Ein Abend zum Genießen - ZZ 02.10.2013

Ein Abend zum Genießen - ZZ 02.10.2013

Foto: Ziehen an einem Strang: Die St.-Gallus-Stiftung im Kirchspiel Rhade veranstaltet gemeinsam mit der Rhader Landbühne und dem Restaurant „La Locanda“ in Ostereistedt einen Theaterabend mit Stiftungsessen. Von links: Sergio Geremia, Helga Schröder, Stiftungsvorsitzender Andreas Meyer, Rha-La-Bü-Vorsitzende Elke Brunkhorst, Hans-Wilhelm Schröder (Kirchenkreistag), Heide Cordes, Marlies Schröder und Thomas Czekalla. Foto: Hilken


 

 

Ein Abend zum Genießen

 

Ostereistedt. Einen Abend zum Genießen veranstaltet die St.-Gallus-Stiftung im Kirchspiel Rhade. Gemeinsam mit der Rhader Landbühne richtet sie am Freitag, 25. Oktober, ab 18.30 Uhr einen Theaterabend mit Stiftungsessen aus. Besucher erleben im Ostereistedter Restaurant „La Locanda“ die Stücke „Öllernabend“ und „De swarte Hahn“. Von Lutz Hilken

Wie es dazu kam, schildert Stiftungsvorsitzender Andreas Meyer im Interview.

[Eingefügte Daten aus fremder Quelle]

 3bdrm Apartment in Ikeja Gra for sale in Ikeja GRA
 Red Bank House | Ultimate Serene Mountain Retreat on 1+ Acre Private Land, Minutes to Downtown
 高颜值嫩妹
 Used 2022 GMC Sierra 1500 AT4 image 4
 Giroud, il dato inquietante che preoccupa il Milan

Wie ist die Idee entstanden, ein Stiftungsessen mit Theater zu veranstalten?
Die Idee stammt von umliegenden Stiftungen aus Selsingen und Sittensen. Wir haben etwas gesucht, das zu Rhade passt. Vor vier Jahren haben wir einen Hubertusabend mit Wildessen in Rhadereistedt veranstaltet. Vor zwei Jahren hatten wir dort eine Gruppe, die plattdeutsche Lieder gesungen hat. Dazu gab es ein Buffet. Jetzt sind wir zum ersten Mal in Ostereistedt und haben die Rhader Landbühne dabei. Die Rha-La-Bü-Vorsitzende Elke Brunkhorst ist im Stiftungsbeirat aktiv und hat die Teilnahme angeboten. Das passt, weil wir uns regional ausrichten.

An wen richtet sich der Theaterabend mit Stiftungsessen?
Grundsätzlich an alle. Jeder ist herzlich willkommen. Was wir schon erwarten ist, dass eher Menschen aus der Gemeinde kommen. Auch und gerade, weil sie die Mitspielenden kennen.

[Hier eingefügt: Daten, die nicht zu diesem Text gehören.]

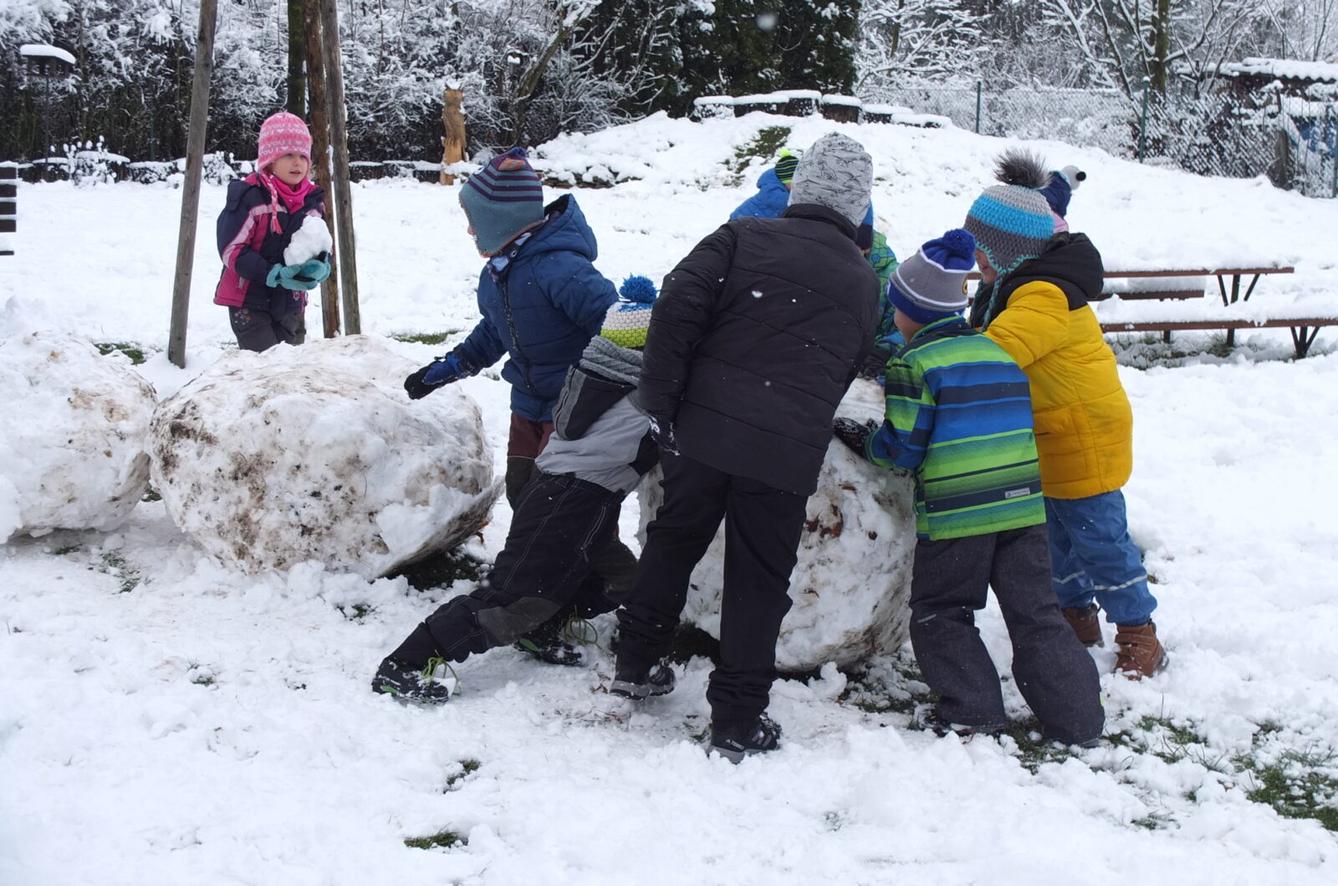 Užíváme si sněhu - 29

Auf was dürfen sich die Besucher freuen?

Es gibt ein sehr schönes Stiftungsessen, das Gastwirt Sergio Geremia ausrichtet. Es beginnt mit einem kleinen Begrüßungsgetränk und dann gibt es italienisch ausgerichtete Speisen. Die Essenspausen werden für Theateraufführungen der Rha-La-Bü und der Rha-La-Büddels genutzt. Soviel kann man sagen: Wer hier schon einmal war, der weiß, dass es besonders lohnenswert ist.

Wie viel Plätze stehen bereit?
Wir haben die Zahl auf 200 begrenzt. Wir rechnen aber nicht damit, dass alle Plätze ausgebucht sein werden.

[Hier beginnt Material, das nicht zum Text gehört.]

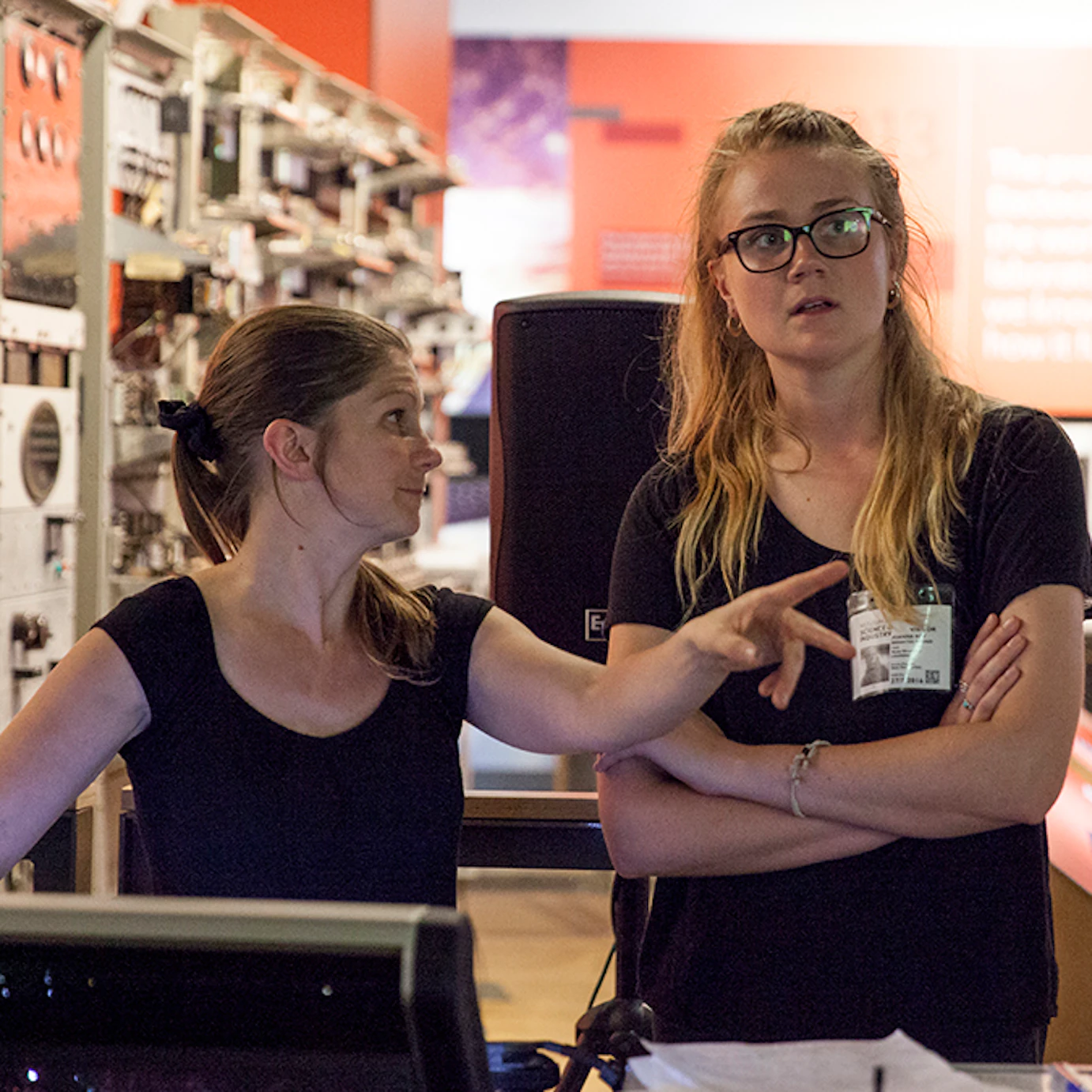 A sound engineer working with Speth.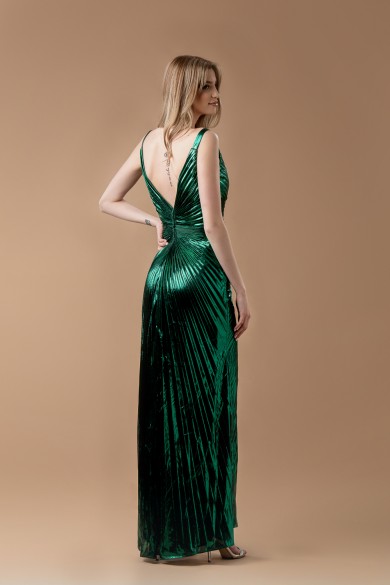 Μακρύ πράσινο πλισέ φόρεμα Μακρύ πράσινο πλισέ φόρεμα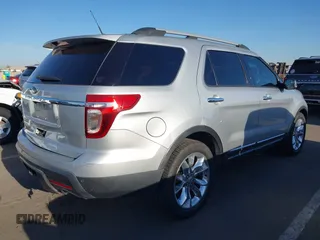 2015 Ford Explorer XLT with VIN 1FM5K7D81FGA27678, listed as a IAAI auction lot 41856729 with 170,635 mi miles and . Bid and sale history available at carsss.com. Image 4.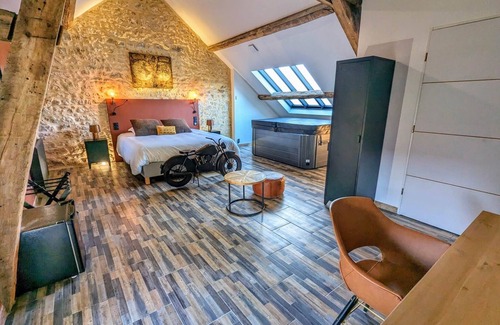 Treuzy-Levelay Otro | Chambre Industrielle Avec Jacuzzi Privatif Sous les Poutres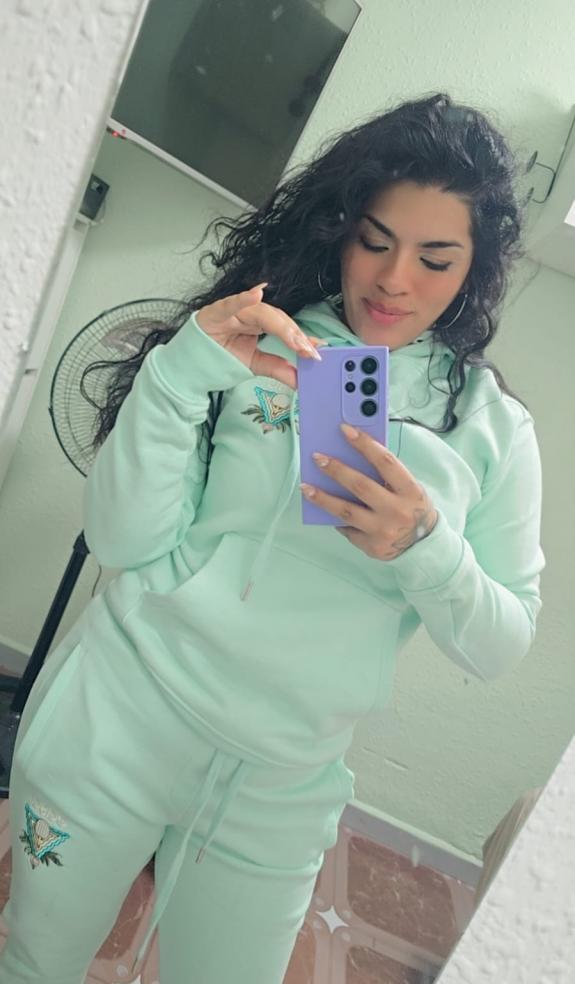 678029771|LOLA|Chica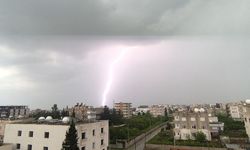 Gökyüzü yıldırım düşmesiyle aydınlandı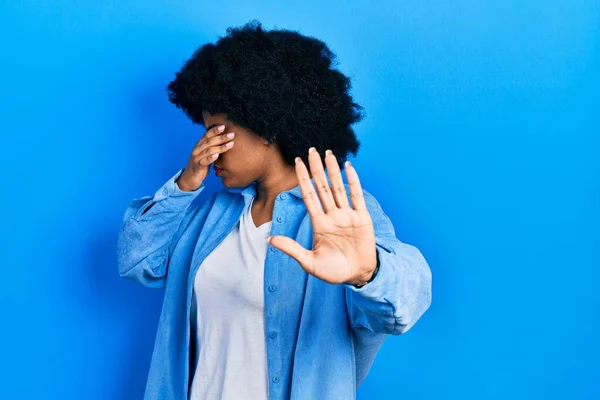 Mujer Afroamericana Joven Vestida Con Ropa Casual Cubriendo Los Ojos —  Fotos de Stock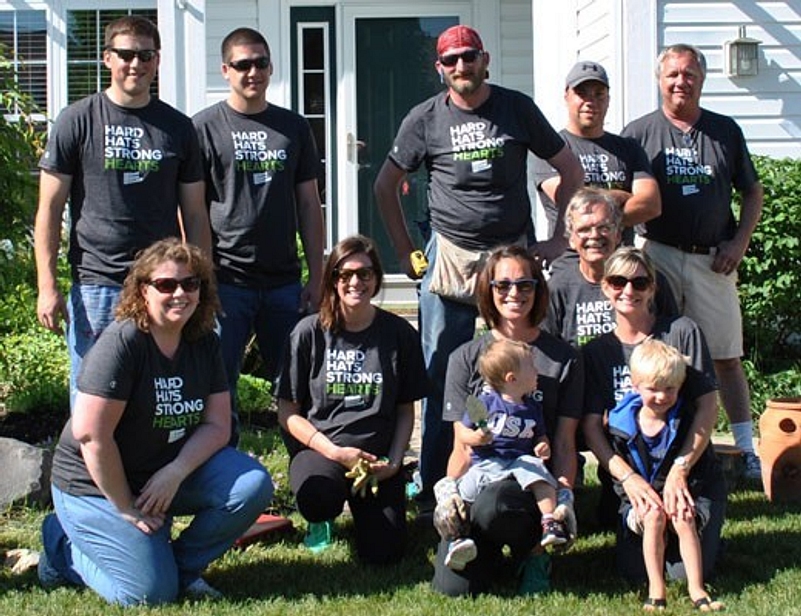 News Hard Hats Strong Hearts Green Team 520 400 90 s c1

Was erhoffen Sie sich von dem Abend?
Wir möchten dem Auftrag der Stiftung entsprechend das kirchliche und kulturelle Leben fördern. Was den finanziellen Aspekt angeht: Wir werden am Ausgang sammeln.

Jedem Besucher steht frei, neben den 20 Euro fürs Essen einen bestimmten Betrag zu spenden?
Nach oben gibt es keine Grenzen, je nachdem, wie der Abend gefallen hat. Uns ist es wichtig, dass wir die Schwelle so niedrig setzen, dass niemand wegen des Preises zu Hause bleiben muss.

Werden Sie einen solchen Abend bei Erfolg wiederholen?
Wir hatten in den vergangenen Jahren das Kirchspielfest und das Stiftungsessen im jährlichen Wechsel. Thematisch achten wir auf ein unterschiedliches Programm. Bisher ist es immer gelungen, eine gute Idee zu finden.

Wie hat sich das Stiftungskapital seit der Stiftungsgründung vor acht Jahren entwickelt?
Enorm. Wir sind jetzt bei rund einer halben Million Euro, davon 105000 Euro an Bonifizierung. Das zeigt eine hohe Motivation. An Förderung haben wir der Kirchengemeinde bisher 54 000 Euro weitergegeben. Ein wesentlicher Beitrag diente der Renovierung des Gemeindehauses. Unser Hauptanliegen sind die laufenden Zuschüsse zu den Personalkosten. Das ist der tragende Grund für die Stiftung, die Selbständigkeit der Gemeinde zu erhalten.